Sehingga mau tidak mau taklid telah menjadi salah satu segmen pemegang piranti hukum yang mewarnai perjalanan manusia dengan cara konsisten terhadap madzhab yang di ikuti. Namun sisi lain sosialisasi konsep taklid dimasyarakat yang majmu' (plural) memiliki batasan yang relatif. Diantaranya:
1.TAKLID YANG BAIK.
-AWAM MURNI yang kapasitas intelektual agama sangat terbatas dan sedikitpun belum menguasai ilmu-ilmu yang mumpuni untuk menepaki posisi berijtihad.
-ALIM yang kapasitas intelektualnya telah berada diatas tingkat awam dengan penguasaan berbagai fan ilmu yang mu'tabar namun belum menguasai fan ilmu secara tuntas dan tabahhur (nyegoro:jw) hingga drajat Mujtahid.
2.TAKLID YANG TERCELA
-Taklid yang mengandung unsur berpaling dan menyimpang (maksiat) dari ajaran yang diturunkan Allah swt pada Rasulnya, seperti menyembah kayu dan batu warisan nenek moyang.
-Taklid pada pihak yang tak diketahui bahwa ia adalah orang yang memiliki basis kebenaran untuk di ikuti pendapatnya (ahlul ijtihad).
-Taklid setelah terbukti hujjah kebenaran dan dalil-dalil otentik berpihak pada seseorang yang tak sejalan dengan pendapat dari pihak yang di ikuti.
Berangkat dari firman Allah swt:
"Allah tidak membebani seseorang melainkan sesuai dengan kesanggupannya..." (Al-baqarah:286), maka taklid mendapat hukum dari syariat bagi pelaksanaan hukum-hukum islam yang sesuai fitrah manusia.

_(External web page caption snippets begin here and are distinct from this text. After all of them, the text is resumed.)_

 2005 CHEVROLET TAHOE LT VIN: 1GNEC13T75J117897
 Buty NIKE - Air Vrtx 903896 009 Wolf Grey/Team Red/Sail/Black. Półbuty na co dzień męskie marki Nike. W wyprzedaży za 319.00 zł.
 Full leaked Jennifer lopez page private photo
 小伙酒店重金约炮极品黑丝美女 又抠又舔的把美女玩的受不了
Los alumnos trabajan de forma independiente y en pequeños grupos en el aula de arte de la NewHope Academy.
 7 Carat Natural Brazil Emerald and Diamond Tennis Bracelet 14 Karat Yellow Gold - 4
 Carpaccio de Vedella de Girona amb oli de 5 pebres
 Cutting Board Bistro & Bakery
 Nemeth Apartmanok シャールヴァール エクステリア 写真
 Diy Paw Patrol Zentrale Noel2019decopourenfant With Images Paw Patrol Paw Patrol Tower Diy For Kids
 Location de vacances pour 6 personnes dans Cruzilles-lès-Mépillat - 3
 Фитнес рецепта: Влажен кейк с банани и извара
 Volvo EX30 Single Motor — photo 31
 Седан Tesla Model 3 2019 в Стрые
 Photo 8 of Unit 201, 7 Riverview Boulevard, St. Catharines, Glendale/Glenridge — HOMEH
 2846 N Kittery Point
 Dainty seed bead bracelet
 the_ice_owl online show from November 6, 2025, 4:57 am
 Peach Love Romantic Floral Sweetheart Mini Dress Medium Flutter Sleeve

Artinya yang telah menjadi konsensus ulama (ijma') maka wajib menempuh jalan taklid, sebab masalah ijtihad harus DISERAHKAN PADA AHLINYA.
"Maka bertanyalah kepada orang yang mempunyai pengetahuan jika kamu tidak mengetahui" (QS.An-nahl:43).
PENDAPAT ULAMA TENTANG TAKLID.
①Mutlak tidak boleh taklid. Didukung mayoritas fuqaha' termasuk al-ghazali dan al-bidhawi.
②Mutlak boleh taklid. Didukung Imam ahmad, ibn rahawiyah dan at-tsauri.
③Tafsil. boleh untuk amal pribadi dan tidak boleh untuk fatwa. Didukung ulama ahli irak.
④Tafsil. boleh bila khawatir habis waktunya bila sibuk berijtihad, dan tidak boleh bila tidak khawatir. Didukung ulama irak yang lain.
⑤Tafsil. boleh bila Mujtahid yang dianut lebih alim, dan tidak boleh bila kapasitasnya sama atau sebawahnya. Didukung muhammad ibn al-hasan dan Abu hajib.
⑥Boleh bila yang dianut adalah golongan shahabat dengan syarat pendapatnya lebih unggul dari yang lain. Didukung oleh satu kutipan Imam syafi'i.
⑦Boleh bila yang dianut adalah golongan shahabat dan tabi'in.
⑧Boleh bila yang dianut lebih alim dengan syarat ada udzur untuk ijtihad.
[Al-ibhaj III/274, Ushul fiqh al-islami II/1129-1131, I'lam al-muqi'in II/181-188 dan 200-201, Esensi pemikiran mujtahid, FKI lirboyo 2003].